PUREVQ-GAN: Defending Data Poisoning Attacks through Vector-Quantized Bottlenecks
Alexander Branch, Omead Pooladzandi, Radin Khosraviani, Sunay Gajanan Bhat, Jeffrey Jiang, Gregory Pottie
TL;DR
PureVQ-GAN defends against data poisoning by routing inputs through a discrete bottleneck learned by a VQ-GAN, with a GAN discriminator enforcing a natural-image distribution. The method destroys fine-grained poison signals while preserving semantics, enabling a single-pass purification that is over 50× faster than diffusion-based purifiers. On CIFAR-10, it achieves 0% PSR against Gradient Matching and Bullseye Polytope and 1.64% against Narcissus, while maintaining about 91-95% clean accuracy and PSNR > 40 dB for reconstructions. The approach is scalable to large models and offers practical deployment in real training pipelines, with ablations showing even small codebooks can eliminate poisons.
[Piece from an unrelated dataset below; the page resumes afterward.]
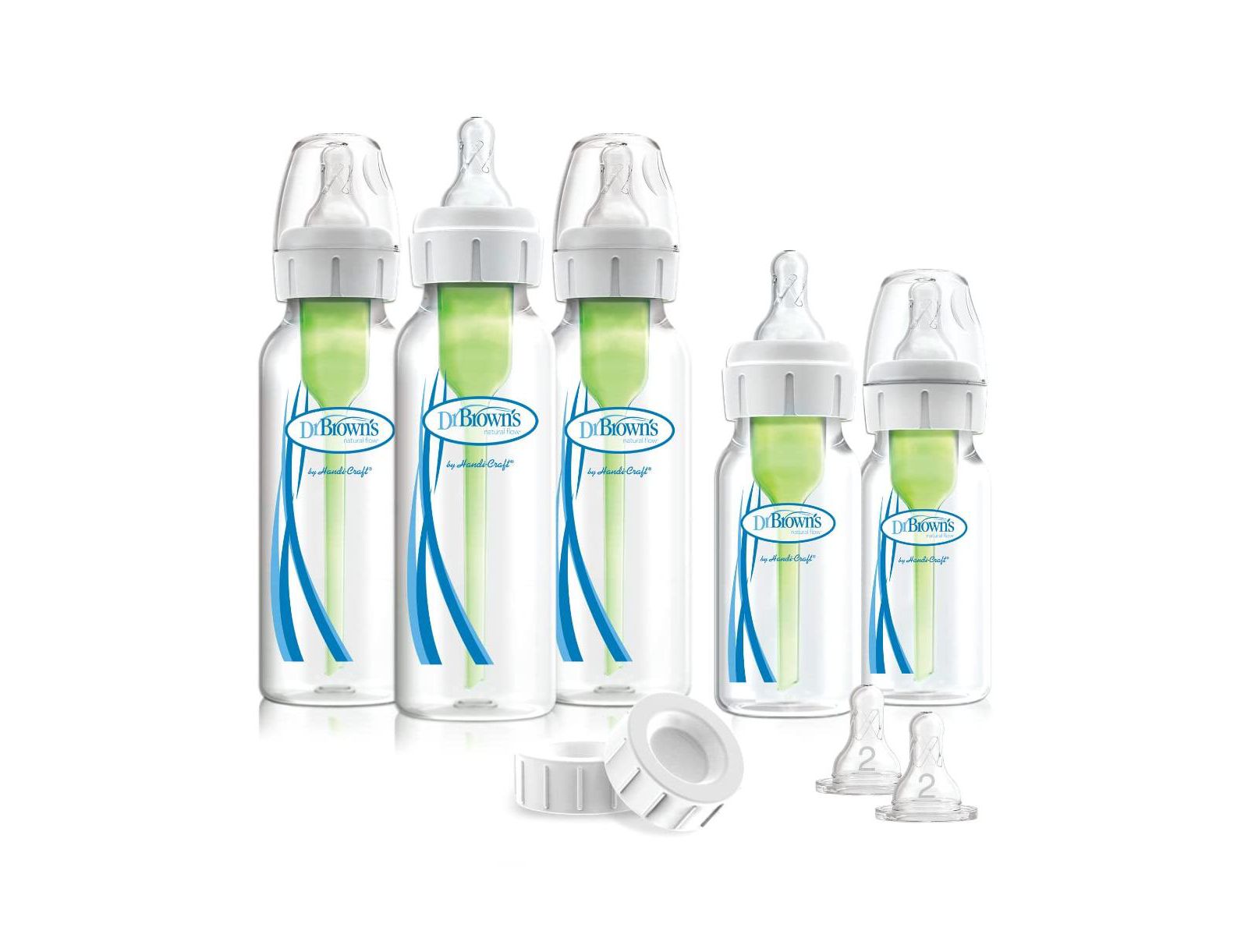 Набор для кормления новорожденных Dr. Browns Anti-Colic Options+ из 17 предметов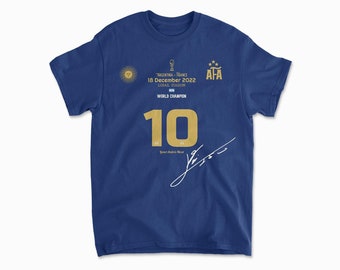 Argentina Football T-Shirt, Vintage Soccer Fan Gift, Unisex Cotton Tee, World Cup Champion Apparel, Perfect for Football Lovers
This work introduces a fast, high-fidelity defense that leverages discrete bottlenecks to disrupt adversarial perturbations and uses a GAN prior to maintain output realism.
Abstract
We introduce PureVQ-GAN, a defense against data poisoning that forces backdoor triggers through a discrete bottleneck using Vector-Quantized VAE with GAN discriminator. By quantizing poisoned images through a learned codebook, PureVQ-GAN destroys fine-grained trigger patterns while preserving semantic content. A GAN discriminator ensures outputs match the natural image distribution, preventing reconstruction of out-of-distribution perturbations. On CIFAR-10, PureVQ-GAN achieves 0% poison success rate (PSR) against Gradient Matching and Bullseye Polytope attacks, and 1.64% against Narcissus while maintaining 91-95% clean accuracy. Unlike diffusion-based defenses requiring hundreds of iterative refinement steps, PureVQ-GAN is over 50x faster, making it practical for real training pipelines.